Immigrant children don’t have the right to free lawyers, court rules

Immigrant children are not entitled to free court-appointed lawyers to represent them during their removal proceedings, a federal appeals court in California has ruled.

“The panel held that it is not established law that alien minors are categorically entitled to government-funded, court-appointed counsel,” according to Monday’s unanimous decision, written by Judge Consuelo Callahan.

The case was brought by a teenager, identified only as C.J., who had fled gang threats in Honduras. His asylum claim was rejected by an immigration judge and he then appealed the case to the US Court of Appeals for the 9th Circuit.

His lawyers, from the American Civil Liberties Union and other advocacy groups, argued that a provision in immigration law implicitly requires the government to provide lawyers for immigrant minors.

But the appeals court rejected the claim and said it was “a privilege that Congress has not conferred.”

C.J. and his mother fled Honduras after the teenager was repeatedly pressured to join the Mara gang. After he refused, the youth said the Maras threatened him at gunpoint.
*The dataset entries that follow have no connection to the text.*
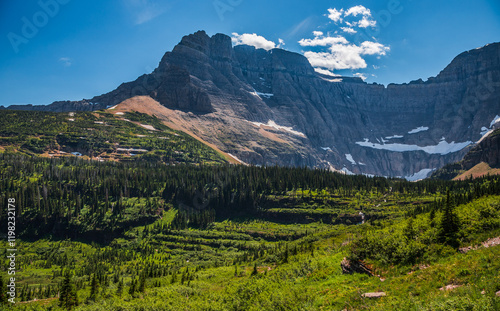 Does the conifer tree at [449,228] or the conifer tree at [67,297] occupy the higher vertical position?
the conifer tree at [449,228]

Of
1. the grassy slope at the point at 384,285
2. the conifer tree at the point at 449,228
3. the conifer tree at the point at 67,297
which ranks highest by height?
the conifer tree at the point at 449,228

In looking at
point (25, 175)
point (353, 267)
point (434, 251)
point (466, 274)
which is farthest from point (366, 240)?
point (25, 175)

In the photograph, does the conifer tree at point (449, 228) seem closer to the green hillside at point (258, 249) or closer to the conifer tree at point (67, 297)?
the green hillside at point (258, 249)

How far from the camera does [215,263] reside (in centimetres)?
11781

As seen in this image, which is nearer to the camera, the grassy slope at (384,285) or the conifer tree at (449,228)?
the grassy slope at (384,285)

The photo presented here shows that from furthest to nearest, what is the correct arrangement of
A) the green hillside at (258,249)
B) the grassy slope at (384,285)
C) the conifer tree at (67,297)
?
the conifer tree at (67,297)
the green hillside at (258,249)
the grassy slope at (384,285)

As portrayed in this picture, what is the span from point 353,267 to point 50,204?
→ 17614cm

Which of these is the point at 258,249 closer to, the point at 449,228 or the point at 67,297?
the point at 67,297

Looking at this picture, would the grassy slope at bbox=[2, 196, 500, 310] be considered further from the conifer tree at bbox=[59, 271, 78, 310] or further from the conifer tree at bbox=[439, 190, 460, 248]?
the conifer tree at bbox=[59, 271, 78, 310]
He and his mother came to the US in 2014 and were apprehended by the Department of Homeland Security four days after their arrival. C.J. was 13 years old at the time. He was placed into removal proceedings based on illegal entry, according to the court.

His mother told the court she couldn’t afford a lawyer, so she represented C.J. at his immigration hearings. She filed an asylum application for her son, but it contained “threadbare statements in support of C.J.’s asylum claim and much of what is written is borderline inscrutable and non-responsive,” according to the court.

C.J. and his mother told the immigration judge they were afraid to go back to Honduras because of the gang threats. But the immigration judge concluded that C.J. didn’t establish eligibility for asylum, and the appeals court on Monday agreed.

The ACLU said it will seek a reversal of Monday’s decision.

“If allowed to stand, the decision means that thousands of refugee children felling persecution will never get a fair day in court for their claims of asylum,” said Ahilan Arulanantham, the lead attorney and legal director for the ACLU of Southern California.

But the court also noted that granting free legal representation to undocumented minors would create a financial problem for the government.

“Mandating free court appointed counsel could further strain an already overextended immigration system,” Callahan wrote. The US government estimated that appointing counsel for apprehended minors would cost $276.1 million a year, she wrote.

The number of children fleeing violence in Central America is rising, Arulanantham said. The biggest increase started around 2014 as a product of acute violence in three countries in particular — Honduras, Guatemala and El Salvador, he said.

Though the panel ruled against C.J., the judges expressed sympathy for his situation.

“We sympathize with his personal plight, as C.J. appears to have displayed courage in the face of serious adversity. But while ‘our hearts are with [C.J.],’ the law does not support his requested relief,” their decision said.